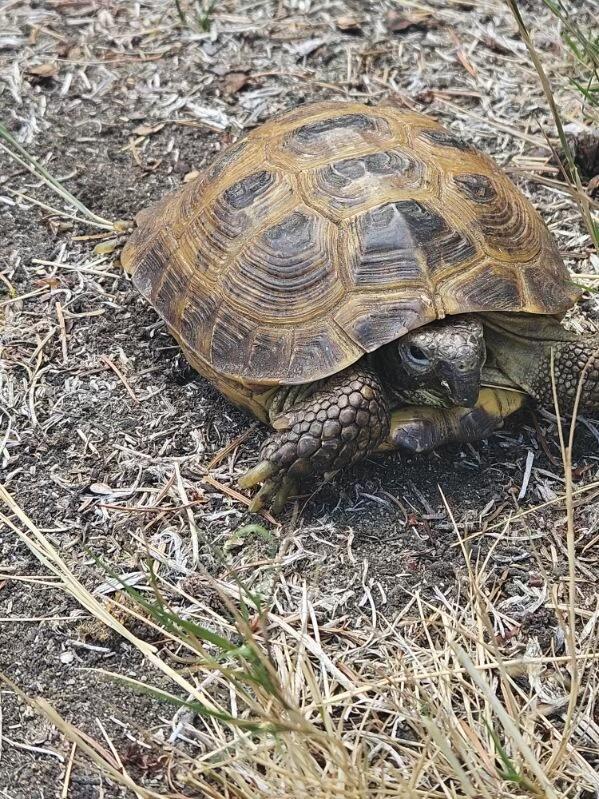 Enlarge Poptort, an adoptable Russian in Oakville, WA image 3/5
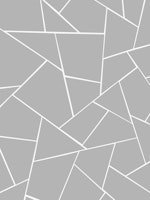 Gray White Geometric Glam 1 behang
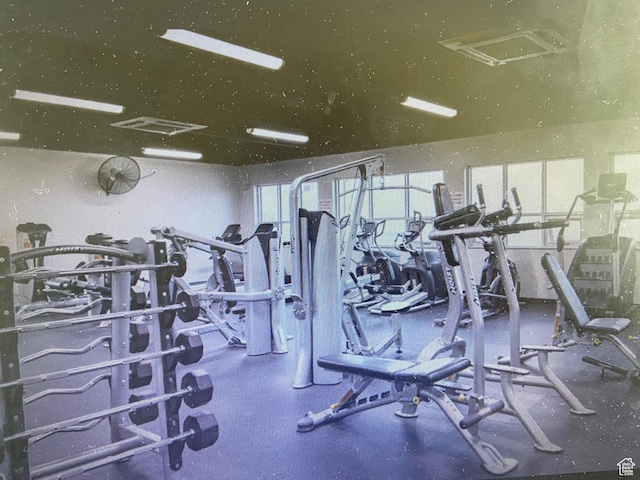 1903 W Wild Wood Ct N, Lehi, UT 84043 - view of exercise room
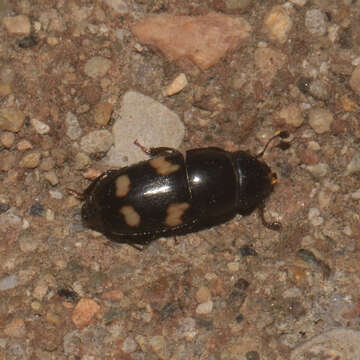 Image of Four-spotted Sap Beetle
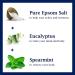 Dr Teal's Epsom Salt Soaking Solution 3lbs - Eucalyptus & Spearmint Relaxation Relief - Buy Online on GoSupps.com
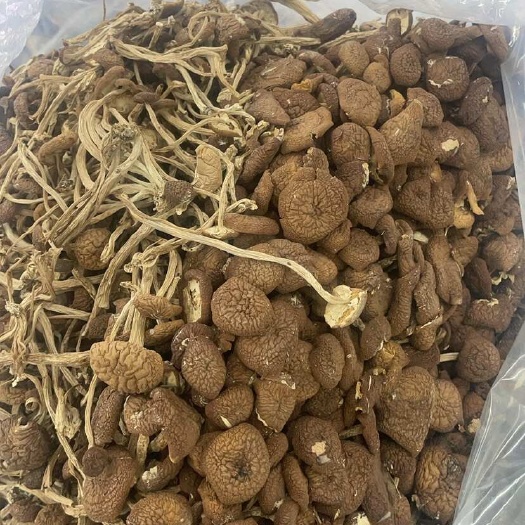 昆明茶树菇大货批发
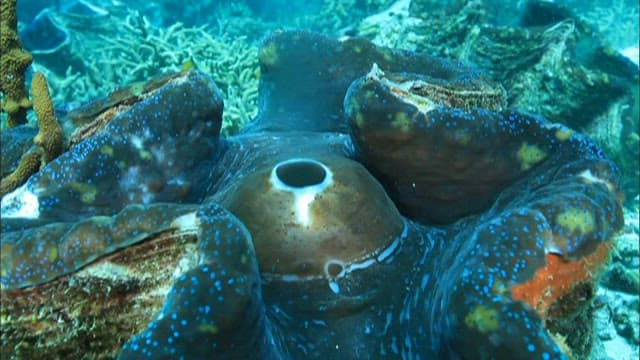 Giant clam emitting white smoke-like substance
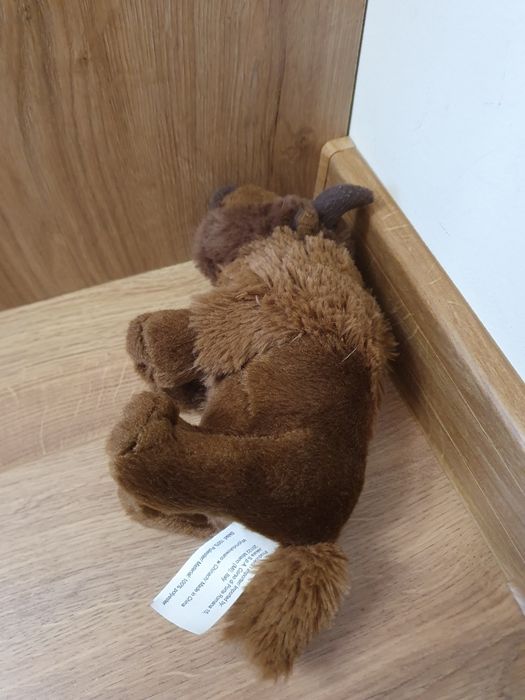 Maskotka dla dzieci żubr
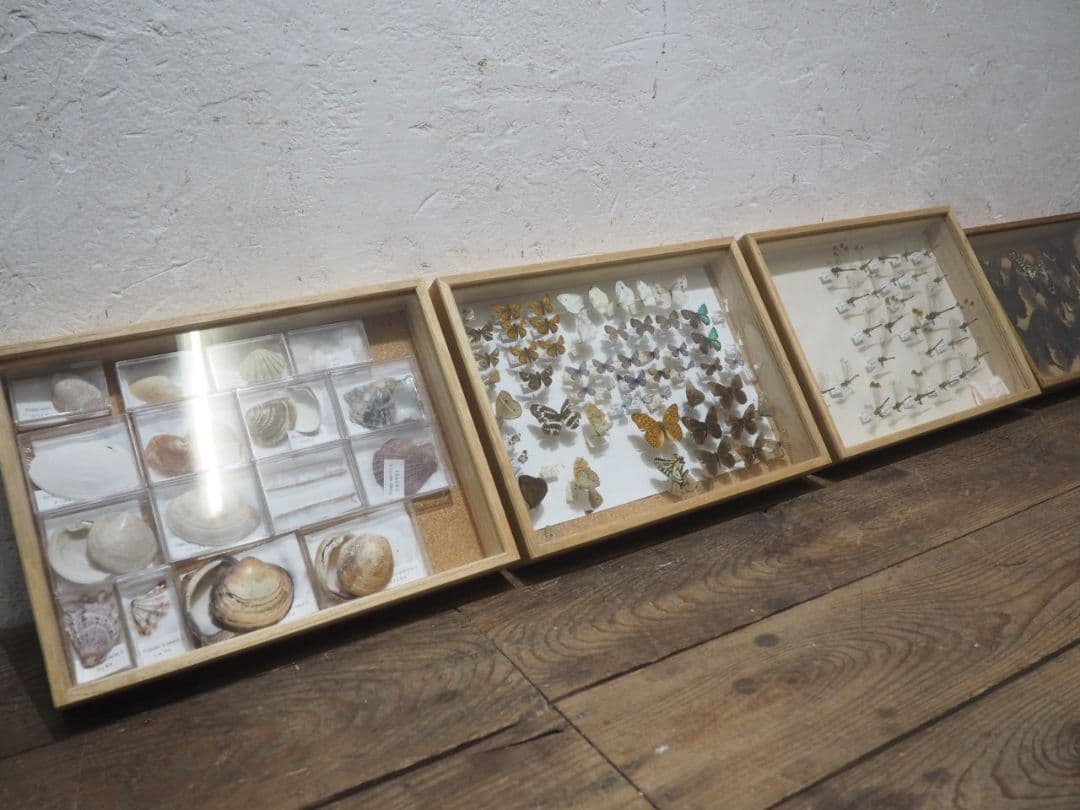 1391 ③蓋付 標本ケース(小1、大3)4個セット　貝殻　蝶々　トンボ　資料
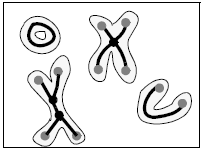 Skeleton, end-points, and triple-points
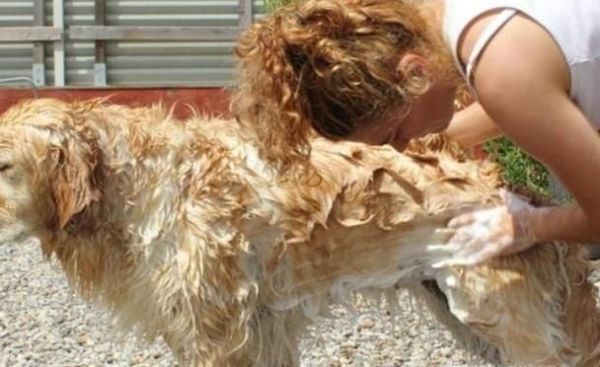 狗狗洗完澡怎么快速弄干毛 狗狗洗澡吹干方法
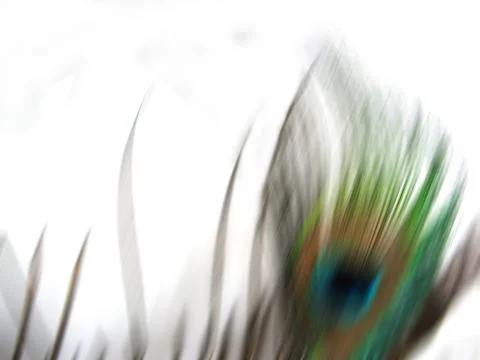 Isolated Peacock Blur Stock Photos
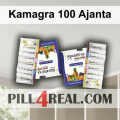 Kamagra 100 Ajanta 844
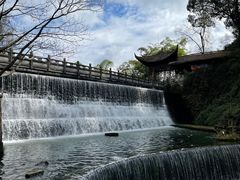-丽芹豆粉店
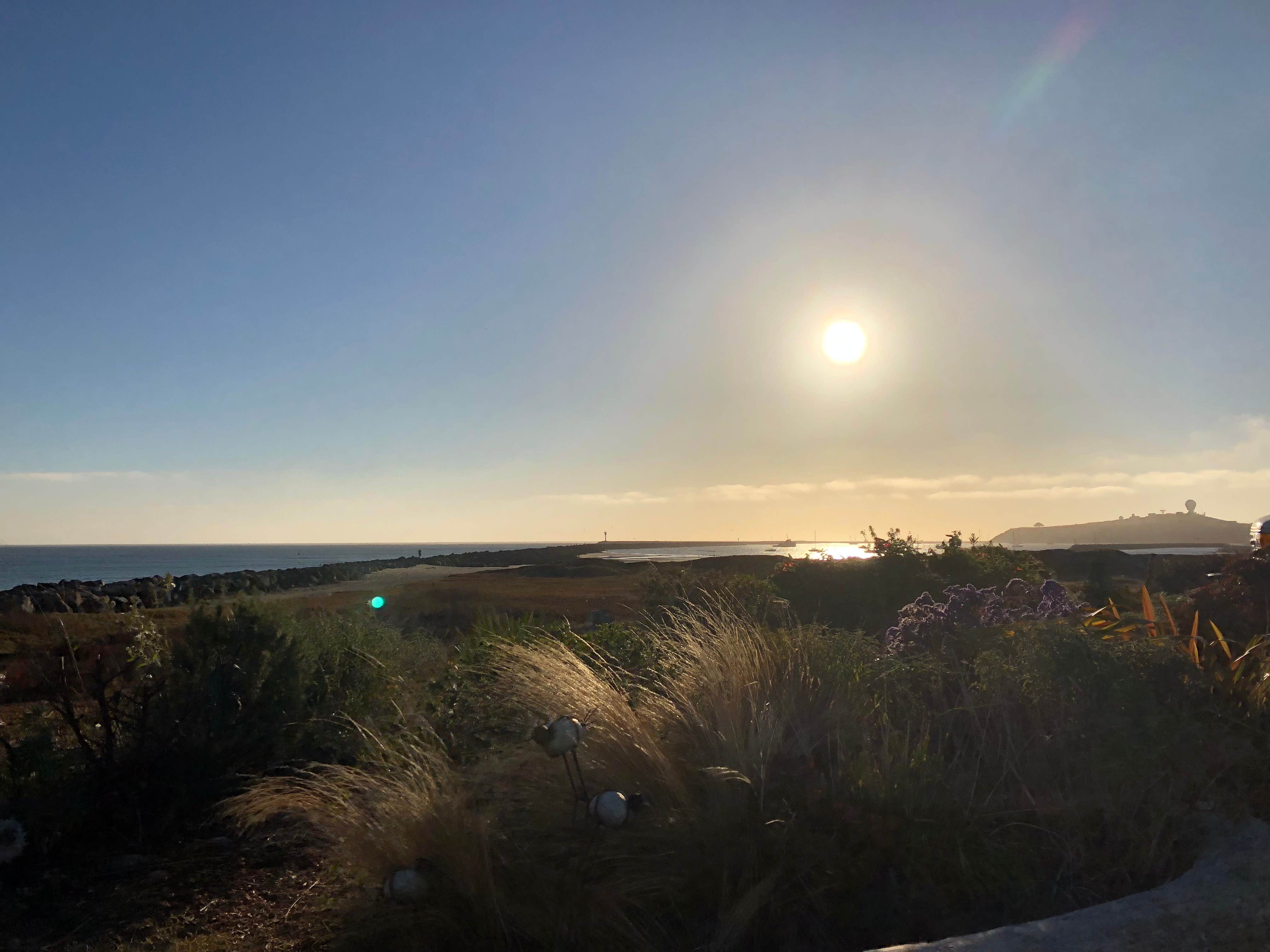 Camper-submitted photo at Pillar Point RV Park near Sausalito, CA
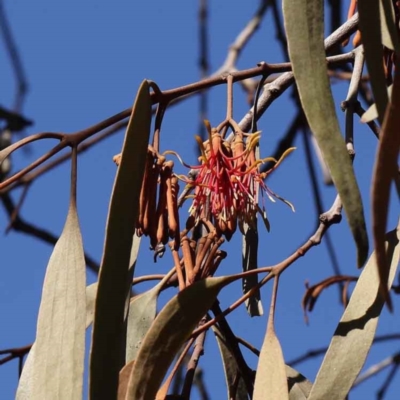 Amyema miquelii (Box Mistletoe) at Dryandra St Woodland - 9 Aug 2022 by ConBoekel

--------------------------------

## EXERCISE GOAL
Each line of the records is to be reproduced exactly, and each picture dropped.

## SOLUTION
 Enlarge Poptort, an adoptable Russian in Oakville, WA image 3/5
 Gray White Geometric Glam 1 behang
 1903 W Wild Wood Ct N, Lehi, UT 84043 - view of exercise room
 Image of Four-spotted Sap Beetle
 Dr Teal's Epsom Salt Soaking Solution 3lbs - Eucalyptus & Spearmint Relaxation Relief - Buy Online on GoSupps.com
 昆明茶树菇大货批发
 Giant clam emitting white smoke-like substance
 Maskotka dla dzieci żubr
 1391 ③蓋付 標本ケース(小1、大3)4個セット　貝殻　蝶々　トンボ　資料
 Skeleton, end-points, and triple-points
 狗狗洗完澡怎么快速弄干毛 狗狗洗澡吹干方法
 Isolated Peacock Blur Stock Photos
 Kamagra 100 Ajanta 844
-丽芹豆粉店
 Camper-submitted photo at Pillar Point RV Park near Sausalito, CA
 Amyema miquelii (Box Mistletoe) at Dryandra St Woodland - 9 Aug 2022 by ConBoekel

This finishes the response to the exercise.